Until the memo in question is published, we cannot know for certain. What we do know is that its contents are sufficiently important that a D-notice was slapped on them, forbidding publication. Any editor who does so will be prosecuted for violating national security. To even the least politically-minded, that gesture speaks volumes.
Thankfully, Al-Jazeera aren’t taking this news lying down and are demanding that the memo is published. And several editors (including Tory MP Boris Johnson of the Spectator) and a legion of bloggers (like our own Red, who also designed the jazzy button at the top right of this post) have announced that they’ll happily publish the memo if they’re given a copy.
The Official Secrets Act is supposed to protect the safety of the country, not protect the current government from political embarrassment.
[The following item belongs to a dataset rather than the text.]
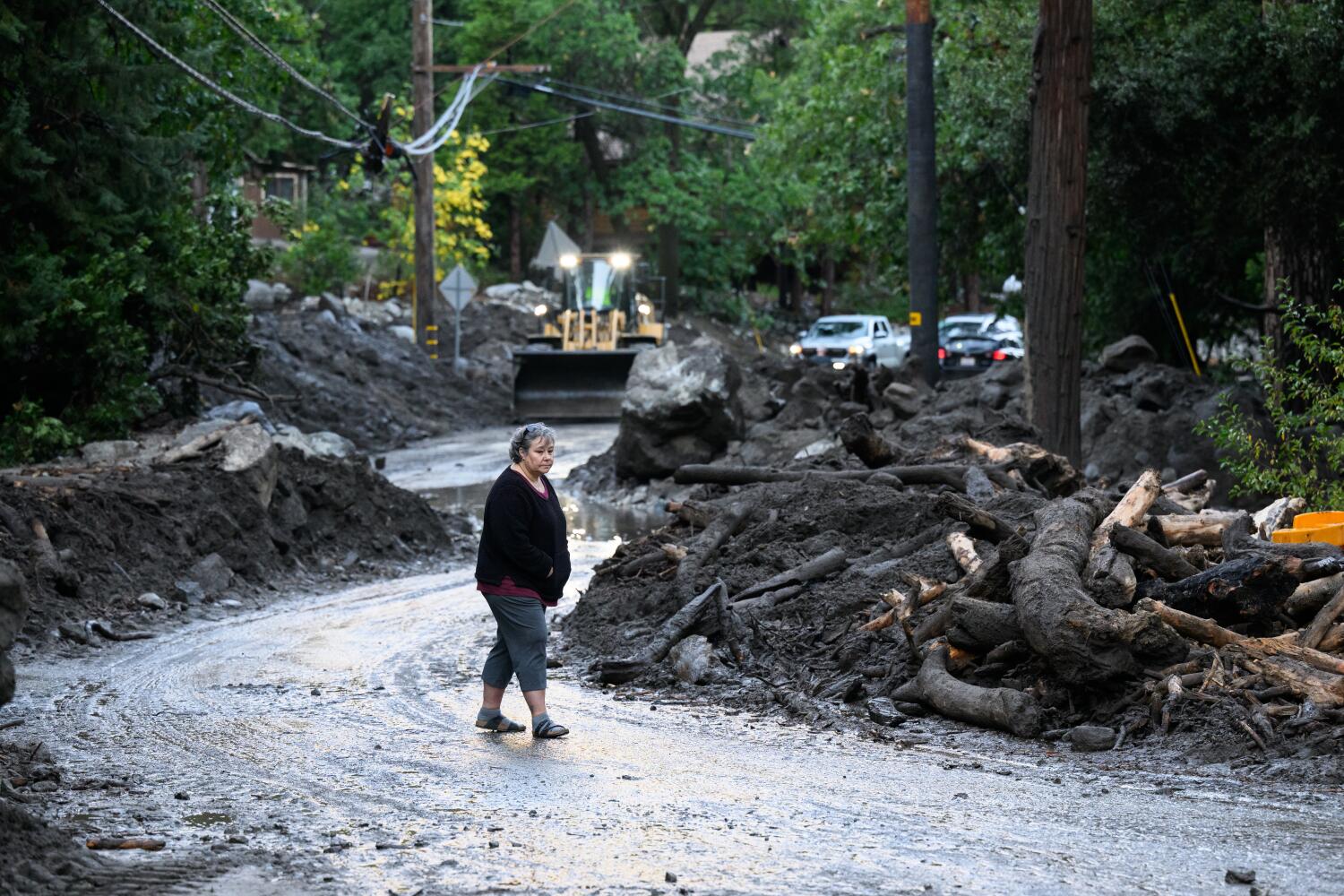 FOREST FALLS, CALIFORNIA - SEPTEMBER 19, 2025: A woman watches as workers clean debris from mudslides that were triggered by a tropical storm Friday, Sept. 19, 2025, in Forest Falls, Calif. (William Liang / For the Times)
I hope the brightest legal minds in the country will put their efforts into making this distinction if David Keogh and Leo O’Connor go to full trial.
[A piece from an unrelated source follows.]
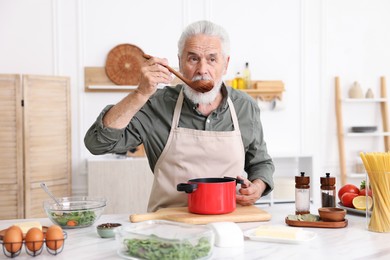 Photo of Elderly man cooking at white marble table in kitchen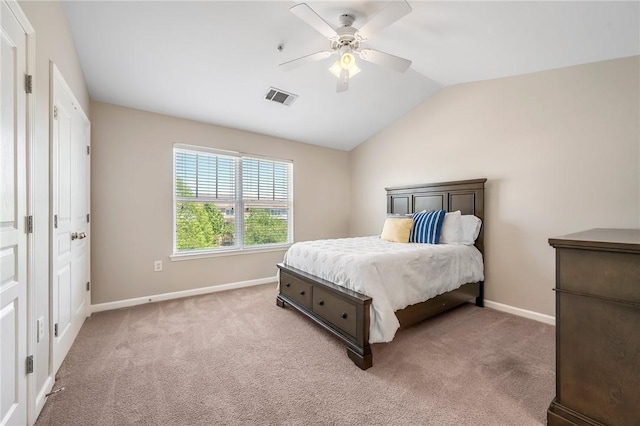 bedroom with carpet, baseboards, visible vents, a ceiling fan, and lofted ceiling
If I happen to come across a copy, I’ll post it here and email it to every likeminded editor and blogger I can find. If another blogger or editor publishes the memo, I will be delighted to reproduce it on this blog, and so will plenty of others.
What will they do, arrest us all? Let’s see.
November 26th, 2005 at 12:34 pm
Updated transcipt now on
http://www.postmanpatel.blogspot.com Tyson reveals all
November 26th, 2005 at 3:39 pm
Thanks for sharing, Fox! I know you will be shocked, SHOCKED to know I have not heard a blip of this through the American media…
November 26th, 2005 at 4:53 pm
I love Boris Johnson!
November 26th, 2005 at 5:44 pm
The Keogh-O’Connor case is definitedly going to be one to watch… that is if the legal proceedings don’t go in camera.
US media – all the reports I’ve had from people are that this has barely made the US papers, and no I’m not really surprised. But one of the things that gets me is how pathetic the british press has been. I mean it’s unheard of in recent years for editors to be threatened with jail by the government, isn’t it? You’d think that in the interests of self preservation at least (see, I’m already I’m discounting higher motives) that there would have been a very big collective noise. Of a cross-fleet street front page variety. But no.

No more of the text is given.